These legal protections apply to parents with physical disabilities, intellectual or mental disabilities, and various mental health issues. Courts may not dismiss a parent as a suitable caregiver for their child based only on the fact that they have a disability. Instead, courts must take a broader look at the parent and how the disability affects them:

  • What limitations does the parent’s disability impose on them?
  • How has the parent adapted to any limitations caused by their disability?
  • Does the parent have access to equipment, technology, treatments, or other means that can help them cope with their disability?
  • Do the parent’s family members support them? What is their relationship with the parent, and how could that assist the parent in caring for the child?

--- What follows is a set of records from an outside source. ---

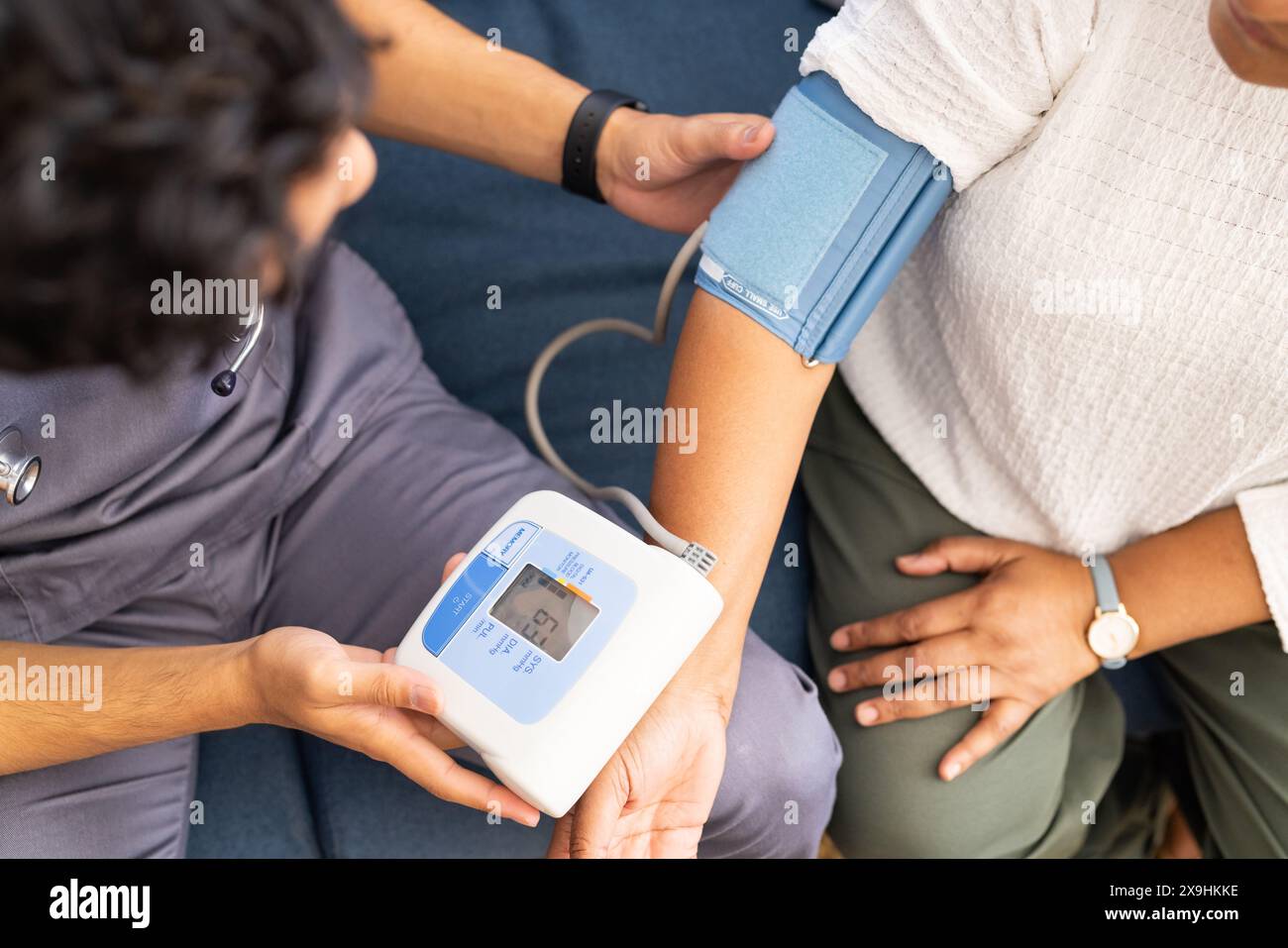 At home, a young biracial male nurse checks an elderly woman's blood pressure. They are in a medical office with a blue background and medical equipme Stock Photo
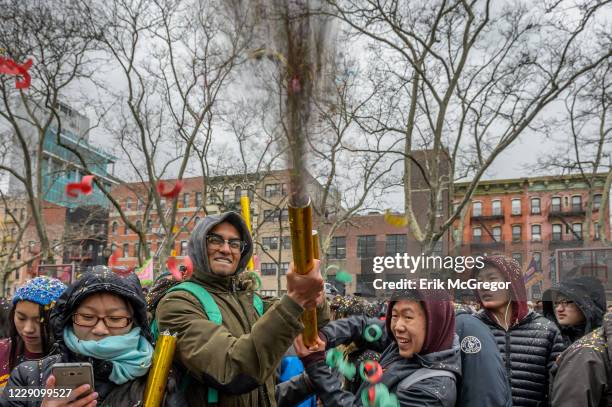 Confetti cannon blasts over the crowd at the 17th Chinese New Year Firecracker Ceremony & Cultural Festival .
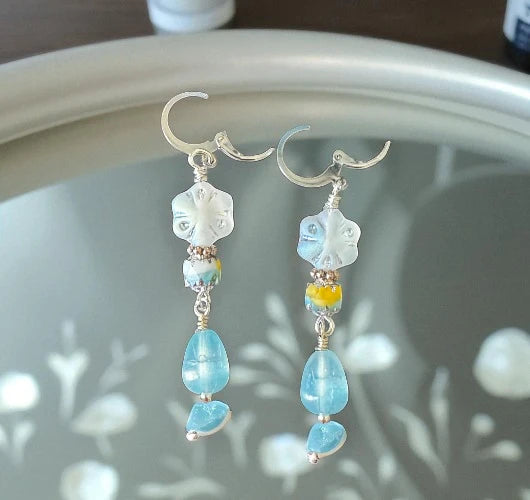 Pair of earrings with blue and clear beads on a reflective surface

What Will the Court Consider?

The main consideration for any family court, when it makes a custody determination, is the “best interest of the child.” All custody arrangements must serve a child’s best interests. A parent’s disability may not, however, be a factor that weighs against that parent in most cases. Each state has its own set of family laws, so the standards for determining a child’s best interests will differ in Virginia and North Carolina.

Virginia Courts

In Virginia child custody cases, a court’s assessment of a child’s best interests pursuant to Virginia Code § 20-124.3 may include the following:

  • The age of the minor child or children;
  • The child’s physical and mental health;
  • The assets of the parents;
  • Each parent’s physical and mental ability;
  • The needs of the children;
  • The relationship between each parent and the child or children, with attention to each parent’s ability to meet the child’s needs and promote their well-being;
  • Any history of domestic violence or substance abuse that has affected or may affect the child; and
  • Other issues that the court deems relevant.

North Carolina Courts

Family courts in North Carolina also base custody decisions on the best interests of the child pursuant to N.C. Gen. Stat. 50-13.2. North Carolina law, however, does not provide as detailed a definition of the term. Factors that courts may consider include:

  • Each parent’s ability to care for the child; and
  • The child’s relationship with each parent.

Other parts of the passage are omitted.